START Stored data
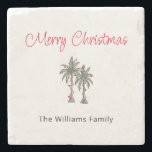 Tropical Merry Christmas Palm Trees Beach Steinuntersetzer<br><div class="desc">Tropical Beach Frohe Weihnachten Untersetzer,  mit einer Palmen Illustration und Schrift Typografie. Mit anpassbarer Schrift fügen Sie Ihre eigenen Informationen hinzu. Eine festliche Ergänzung zu Ihrer Urlaubsatmosphäre und Unterhaltung.</div>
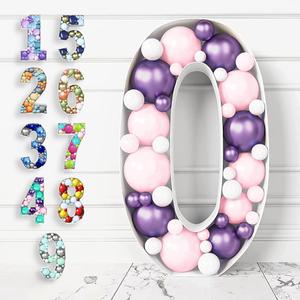 HOUSE OF PARTY Mosaic Numbers for Balloons 3ft - Marquee Numbers Pre-Cut 3 Feet Tall Balloon Number Frame, 0 Mosaic Cardboard for Birthday Wedding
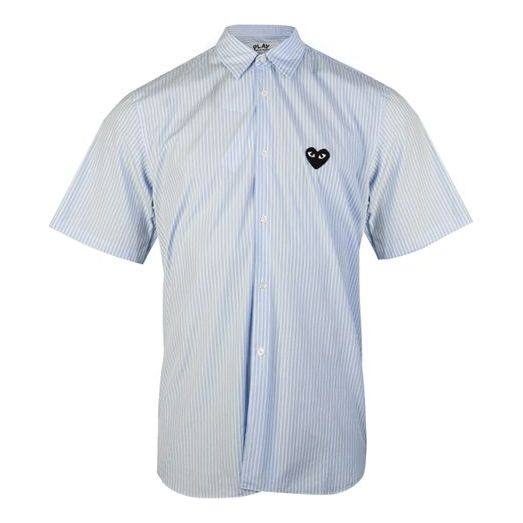 

Рубашка black emblem striped short sleeve shirt 'light blue' Comme Des Garcons Play, голубой
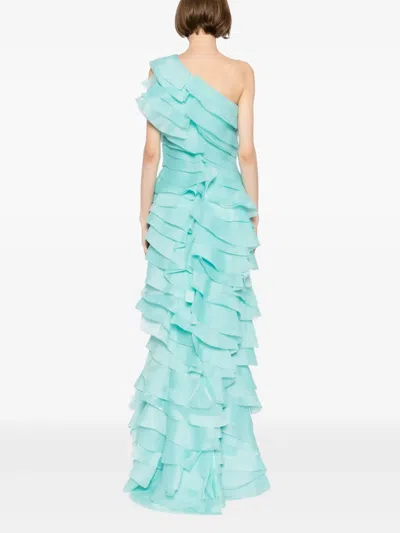 Saiid Kobeisy Layered Organza Dress In Blue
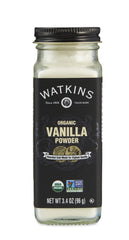 Watkins Organic Vanilla Powder bottle-front shows premium vanilla for baking and beverages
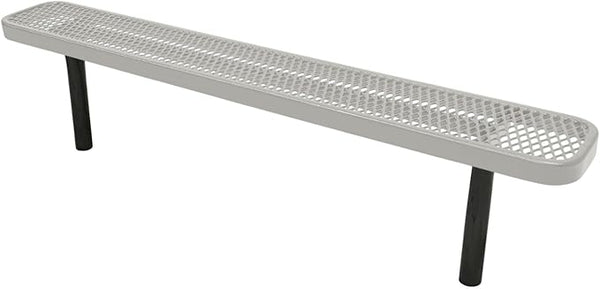COATEDOUTDOORFURNITURE Heavy-Duty Outdoor Bench Thermoplastic Coated, Expanded Metal, Commercial-Grade Seating, Made in America (Inground Without Back, 6 Ft, Textured Grey)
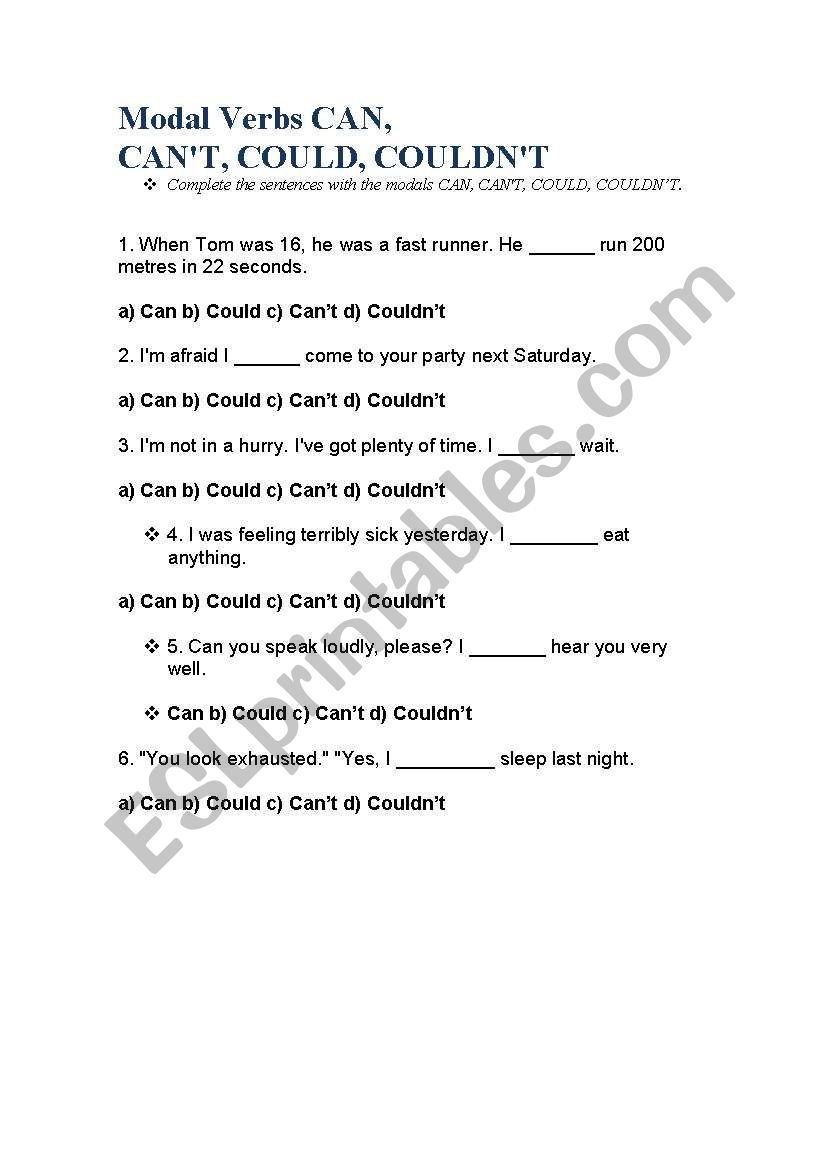 CAN vs COULD worksheet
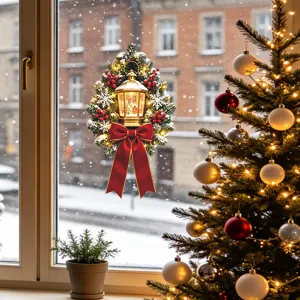 Detailed view of a Christmas wreath window sticker with a glowing lantern and red bow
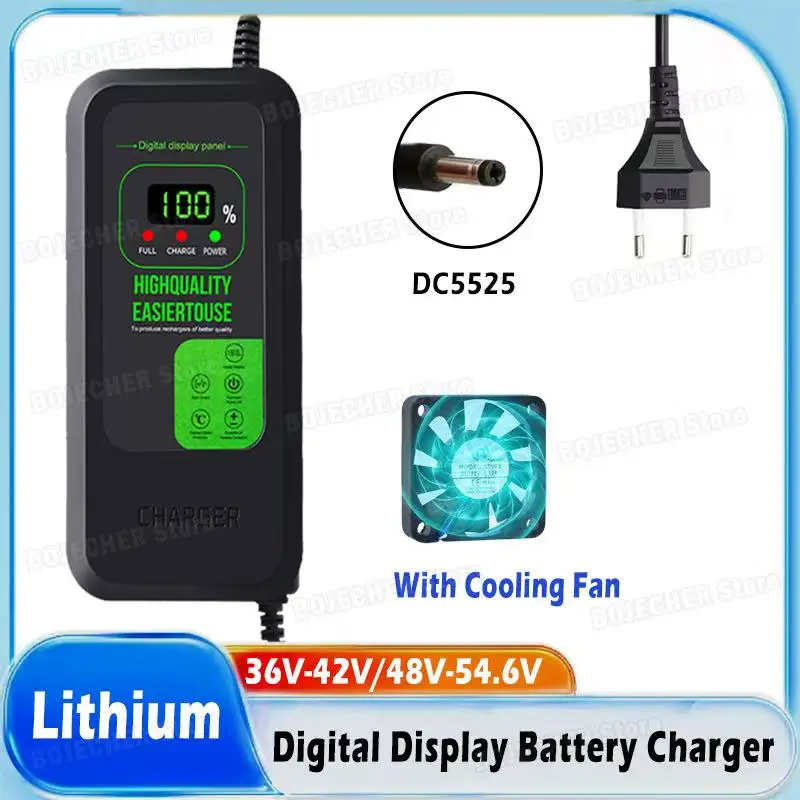 36V 42V / 48V 54.6V 2A 5A Digital Display Lithium Battery Charger Newly Upgraded Power Supply Adapters DC5525 With Fan EU Plug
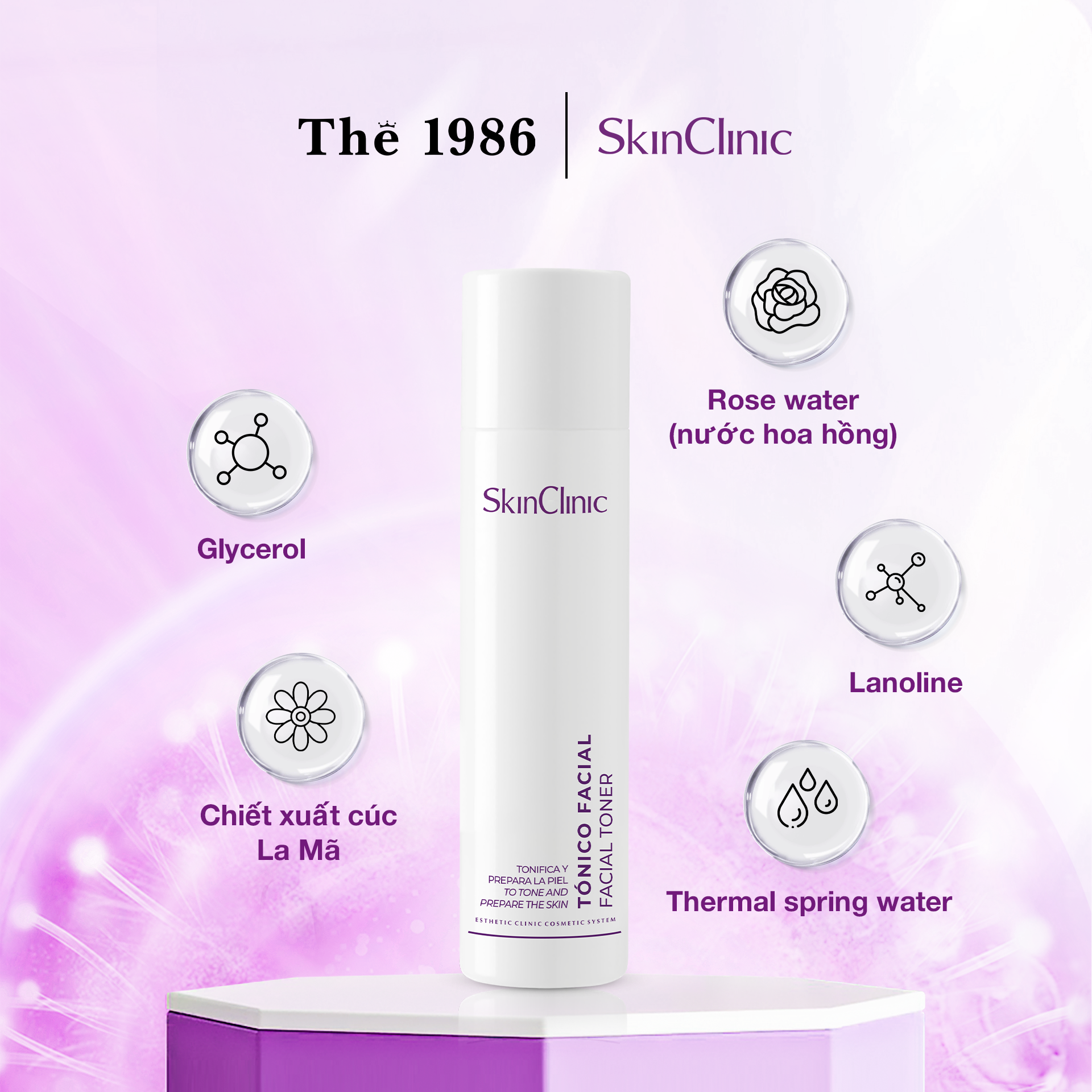  Toner cân bằng dộ ẩm và độ pH cho da SkinClinic Facial Toner 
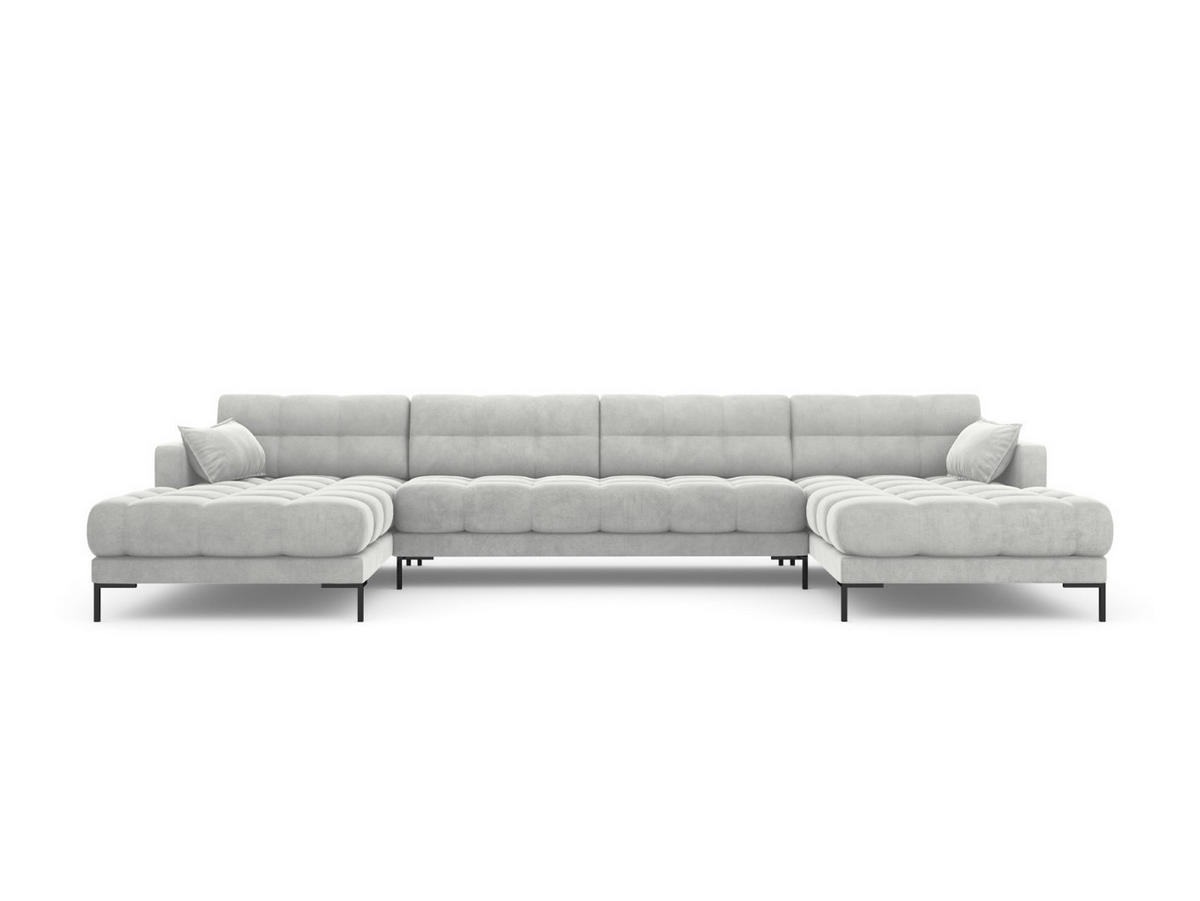 PANORAMASOFA Mamaia aus Samt silber 6 Sitzplätze - Silberfarben, Textil (185/75/383cm) - Micadoni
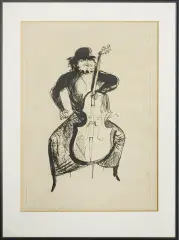 Yuri Krasny, Wiolonczelista, 1975, litografia, papier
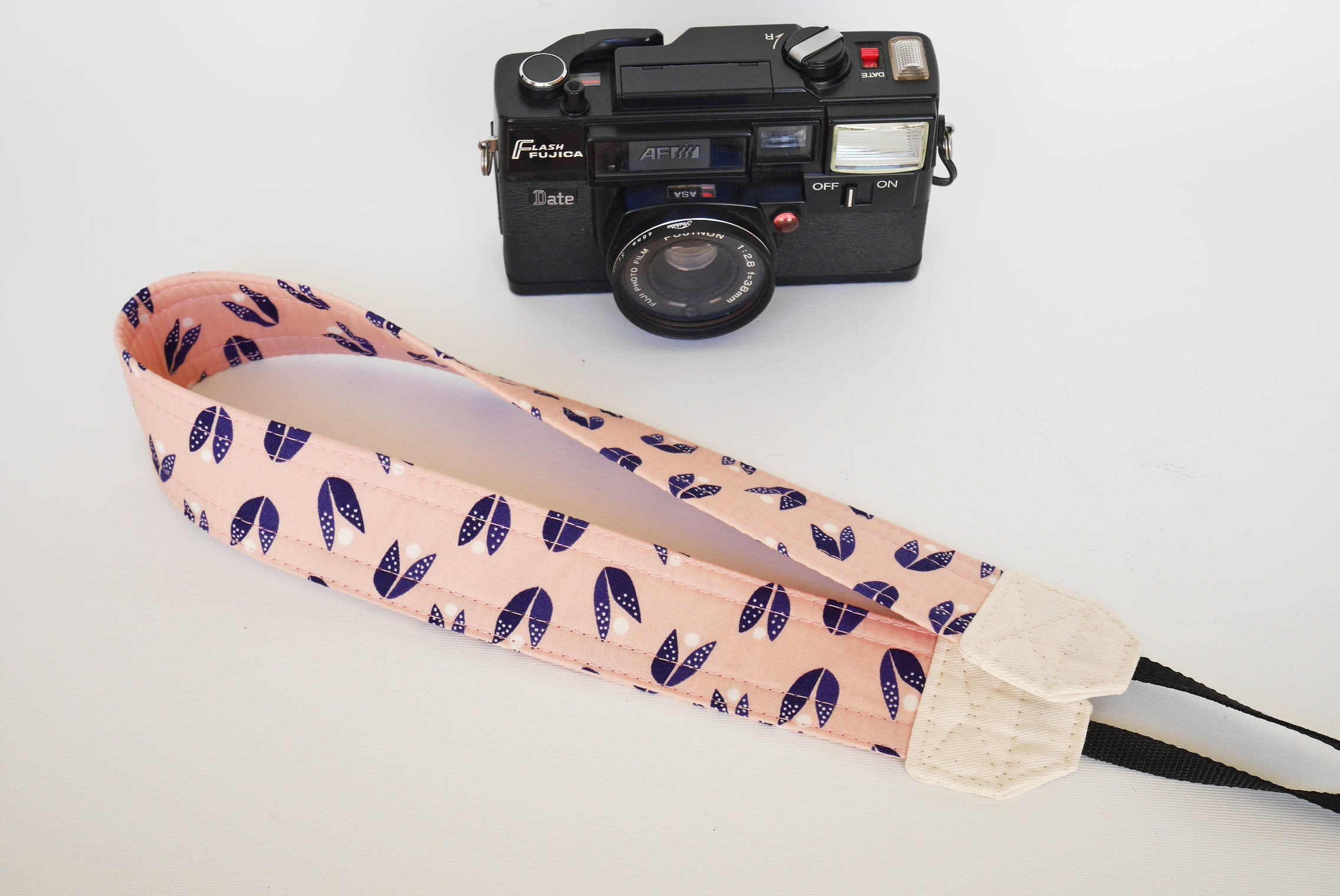 Pink DSLR strap, camera neck strap, organic cotton strap, Canon, Nikon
END Stored data
- Instructions to follow -
Exactly the lines from the top of the listing through the line with "Toner cân bằng", and no pictures, should be printed.

- Answer section -
 Tropical Merry Christmas Palm Trees Beach Steinuntersetzer<br><div class="desc">Tropical Beach Frohe Weihnachten Untersetzer,  mit einer Palmen Illustration und Schrift Typografie. Mit anpassbarer Schrift fügen Sie Ihre eigenen Informationen hinzu. Eine festliche Ergänzung zu Ihrer Urlaubsatmosphäre und Unterhaltung.</div>
 HOUSE OF PARTY Mosaic Numbers for Balloons 3ft - Marquee Numbers Pre-Cut 3 Feet Tall Balloon Number Frame, 0 Mosaic Cardboard for Birthday Wedding

Рубашка black emblem striped short sleeve shirt 'light blue' Comme Des Garcons Play, голубой
 Saiid Kobeisy Layered Organza Dress In Blue
 Watkins Organic Vanilla Powder bottle-front shows premium vanilla for baking and beverages
COATEDOUTDOORFURNITURE Heavy-Duty Outdoor Bench Thermoplastic Coated, Expanded Metal, Commercial-Grade Seating, Made in America (Inground Without Back, 6 Ft, Textured Grey)
 CAN vs COULD worksheet
 Detailed view of a Christmas wreath window sticker with a glowing lantern and red bow
 36V 42V / 48V 54.6V 2A 5A Digital Display Lithium Battery Charger Newly Upgraded Power Supply Adapters DC5525 With Fan EU Plug
  Toner cân bằng dộ ẩm và độ pH cho da SkinClinic Facial Toner 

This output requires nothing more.